When we get new financial regulations, the wealth gap will shrink because ________

(Hint: make sure you account for the fact that the companies concentrating the most wealth will be unaffected by those regulations).

And of course they gamble with your money - that's also known as "banking." So I don't follow you there, either - are you angry that the banks are involved in banking?

rgames


----------



## Nick Batzdorf (Dec 12, 2011)

> The financial mess and housing bubble are related. Neither is (significantly) related to the wealth gap



Your president put it very well in the speech that regained him my support last week:

"Today, we’re still home to the world’s most productive workers. We’re still home to the world’s most innovative companies. But for most Americans, the basic bargain that made this country great has eroded. Long before the recession hit, hard work stopped paying off for too many people. Fewer and fewer of the folks who contributed to the success of our economy actually benefited from that success. Those at the very top grew wealthier from their incomes and their investments -- wealthier than ever before. But everybody else struggled with costs that were growing and paychecks that weren’t -- and too many families found themselves racking up more and more debt just to keep up.

Now, for many years, credit cards and home equity loans papered over this harsh reality. But in 2008, the house of cards collapsed. We all know the story by now: Mortgages sold to people who couldn’t afford them, or even sometimes understand them. Banks and investors allowed to keep packaging the risk and selling it off. Huge bets -- and huge bonuses -- made with other people’s money on the line. Regulators who were supposed to warn us about the dangers of all this, but looked the other way or didn’t have the authority to look at all.

It was wrong. It combined the breathtaking greed of a few with irresponsibility all across the system. And it plunged our economy and the world into a crisis from which we’re still fighting to recover. It claimed the jobs and the homes and the basic security of millions of people -- innocent, hardworking Americans who had met their responsibilities but were still left holding the bag."

http://www.whitehouse.gov/the-press-off ... mie-kansas


----------



## Nick Batzdorf (Dec 12, 2011)

> Obama has his problems. The Republican candidates are all far worse.



And that's putting it much more calmly than I usually do.


----------



## Nick Batzdorf (Dec 12, 2011)

John Huntsman was on Fareed Zacharia yesterday. He sounds like he'd be an excellent ambassador to China.

But even he - the most "moderate" of all these clowns...well, he can suck Bill Maher's...

http://www.allvoices.com/news/10856934-bill-maher-jon-huntsman-can-suck-my-ck (http://www.allvoices.com/news/10856934- ... suck-my-ck)


----------



## rgames (Dec 12, 2011)

Nick Batzdorf @ Mon Dec 12 said:


> Now, for many years, credit cards and home equity loans papered over this harsh reality. But in 2008, the house of cards collapsed. We all know the story by now: Mortgages sold to people who couldn’t afford them, or even sometimes understand them.
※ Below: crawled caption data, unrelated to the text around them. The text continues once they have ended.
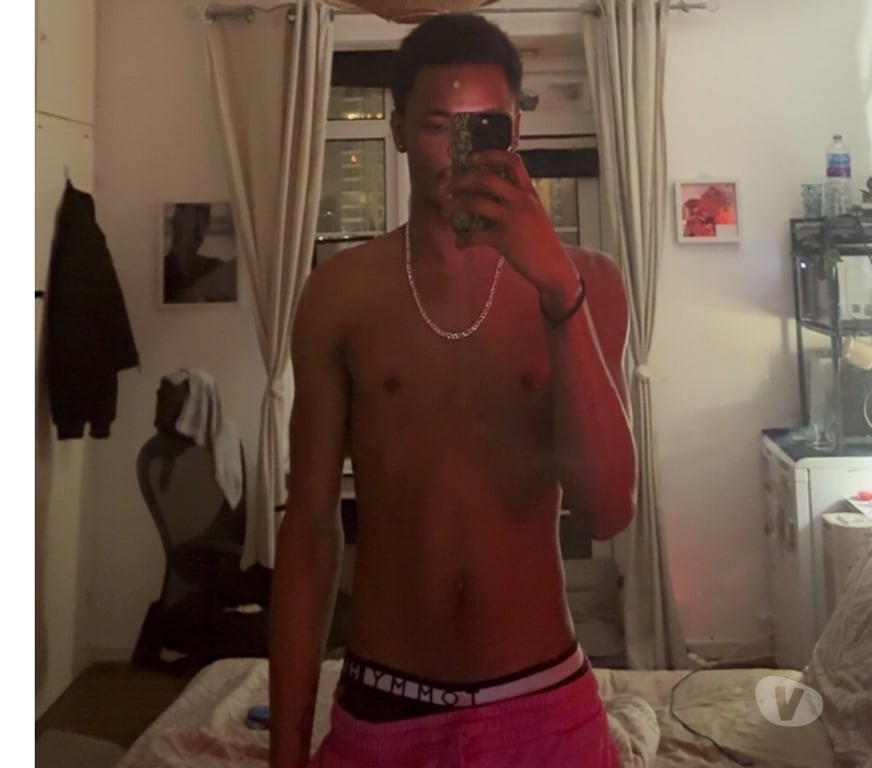  Gay massage North London Enfield - Photos for Tall ,Smooth and discreet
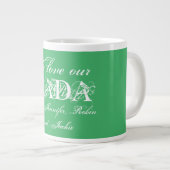 "We Love Our Dada" Schattige gepersonaliseerd groe Extra Grote Beker (Voorkant rechts)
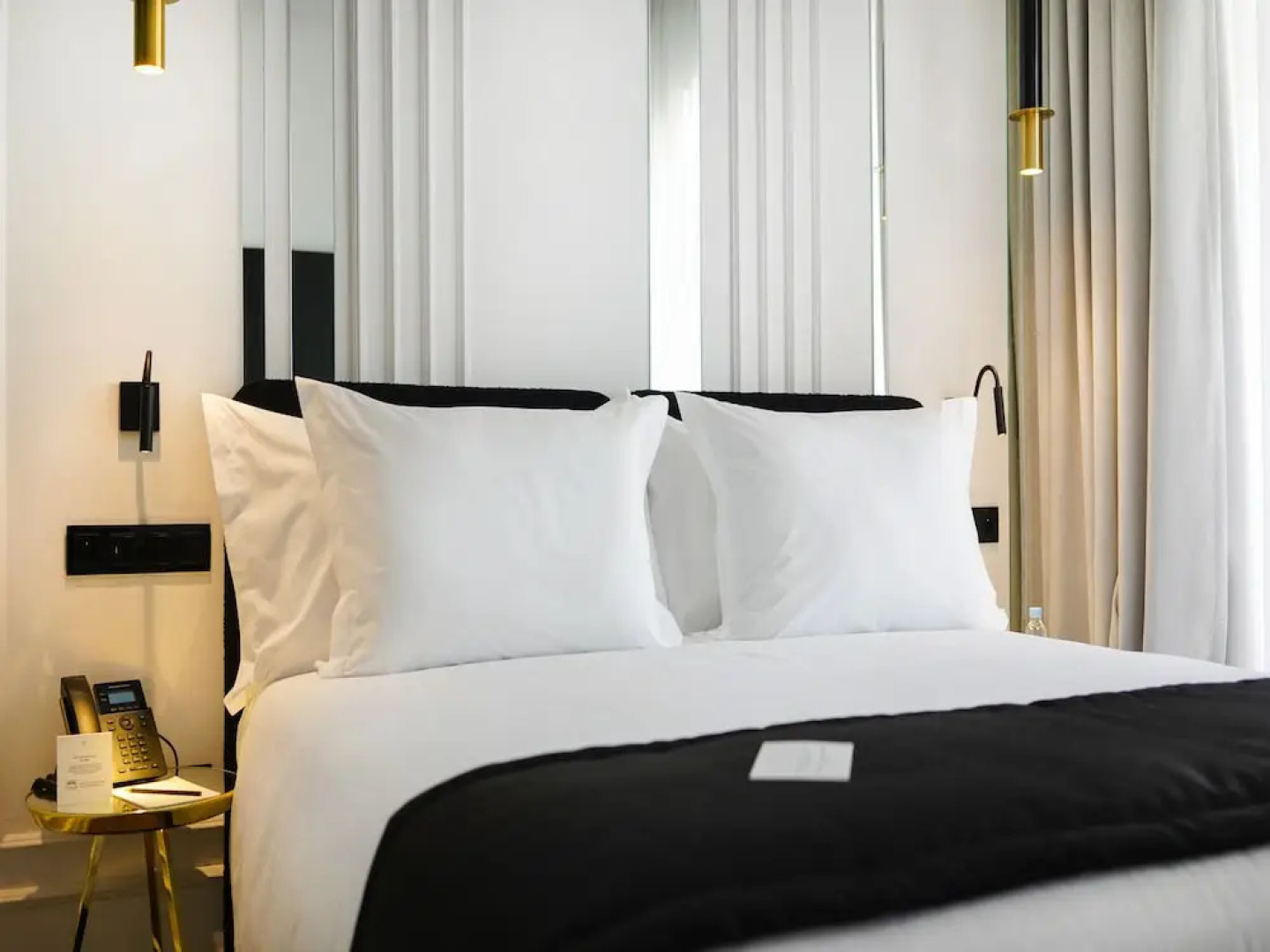 Отель Petit Palace Suites Hotel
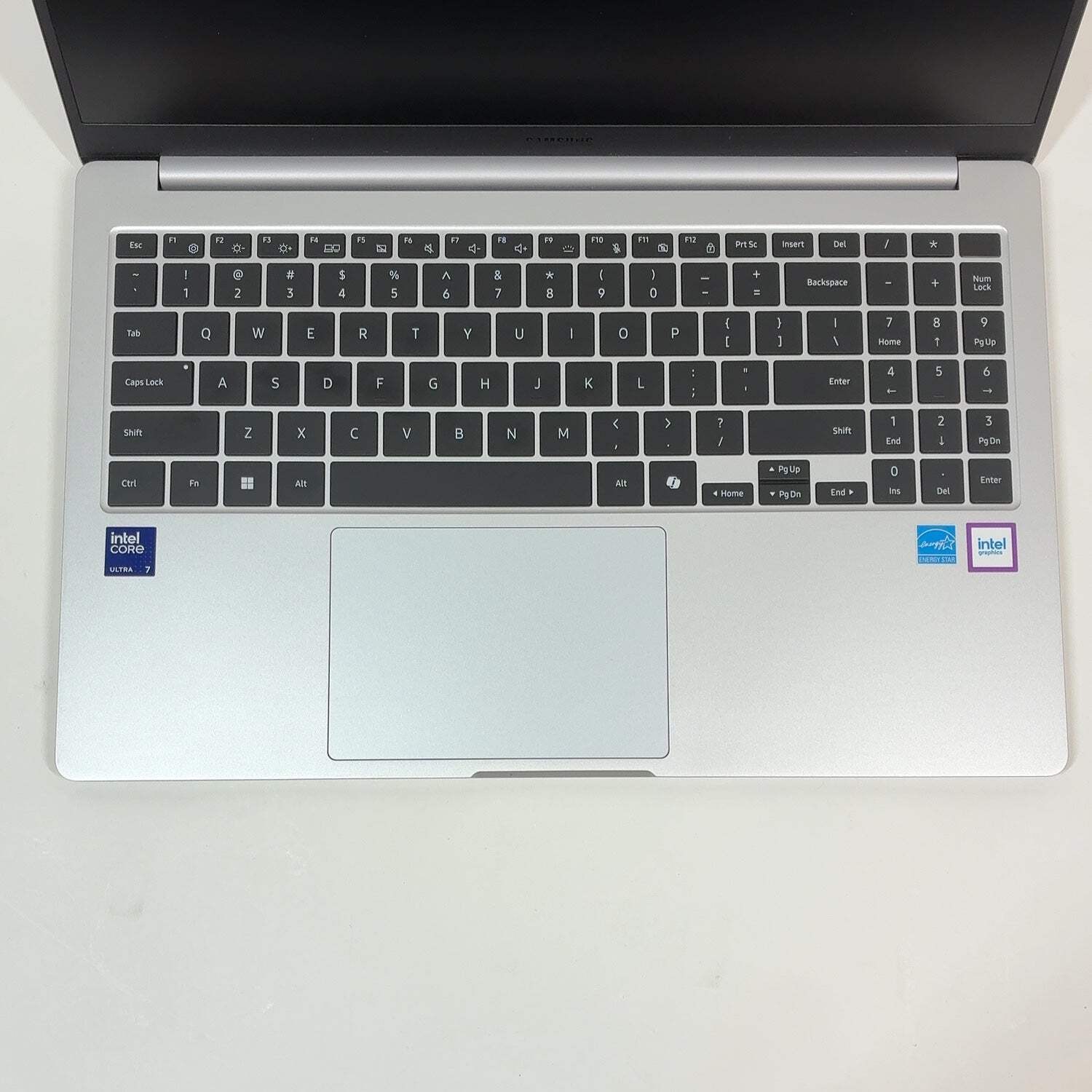 Samsung Galaxy Book5 750XHD 15.6″ Ultra 7 255U 2.2GHz 16GB RAM 512GB SSD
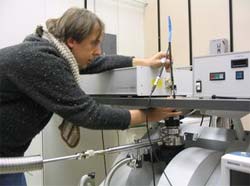 Quantum Computer - 18 Billion Billion Times Faster, Is It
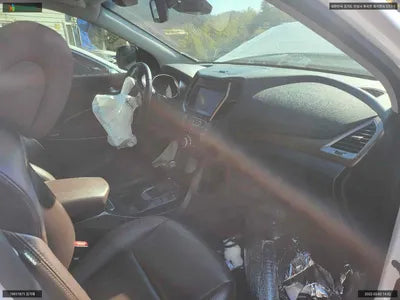 2016 Hyundai Santa FE KMHSW81UBHU725651 VIN:KMHSW81UBHU725651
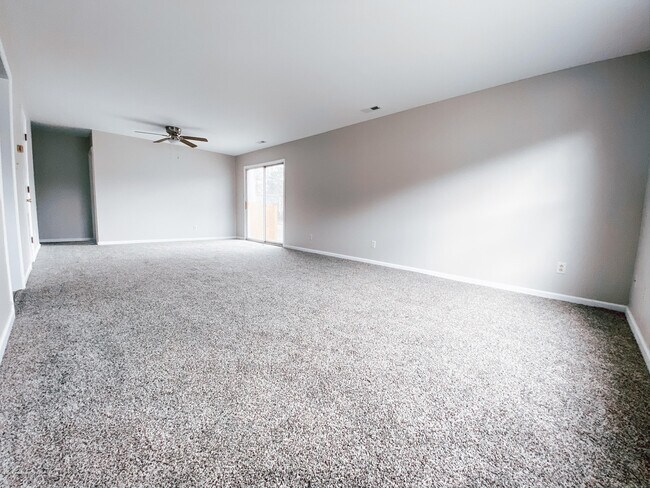 Foto del edificio - 3102 Gaitway Ct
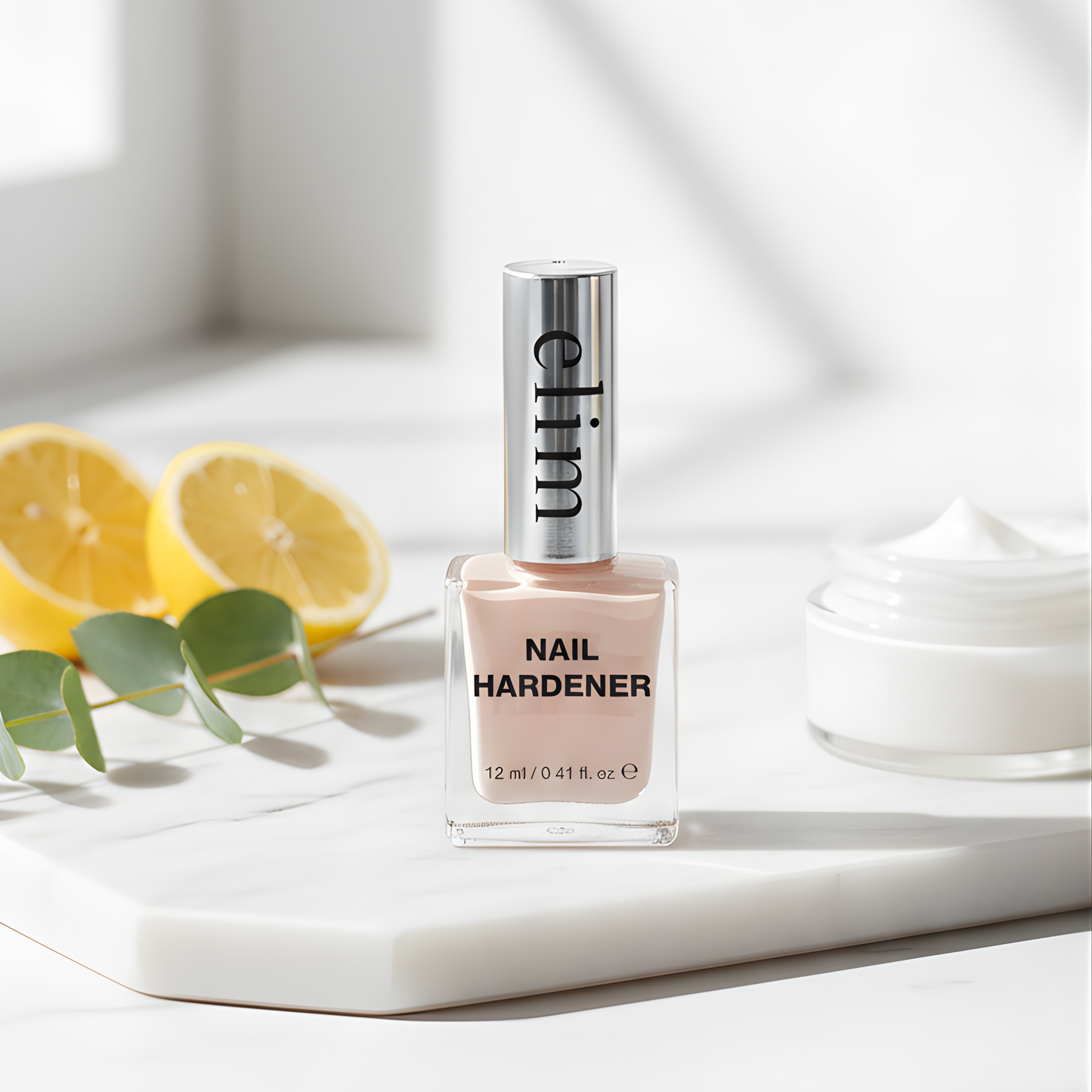 Nail Hardener – For Strengthening Brittle Nails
Banks and investors allowed to keep packaging the risk and selling it off. Huge bets -- and huge bonuses -- made with other people’s money on the line. Regulators who were supposed to warn us about the dangers of all this, but looked the other way or didn’t have the authority to look at all.



You can summarize that entire paragraph with one statement: people make bad choices.

People make bad choices when they pile on debt they can't afford. And people make bad choices when they take risky bets. They're one in the same: bad choices.

The vast majority of the people caught in the mess weren't piling on debt or making risky investments to put food on the table, they were doing so to live beyond their means. Do they have a right to a bigger share of the income pot so they can keep up with the Joneses? Sure - they have a right to equal opportunity to the pot, anyway. But that fact in no way absolves them of the responsibility for their choices.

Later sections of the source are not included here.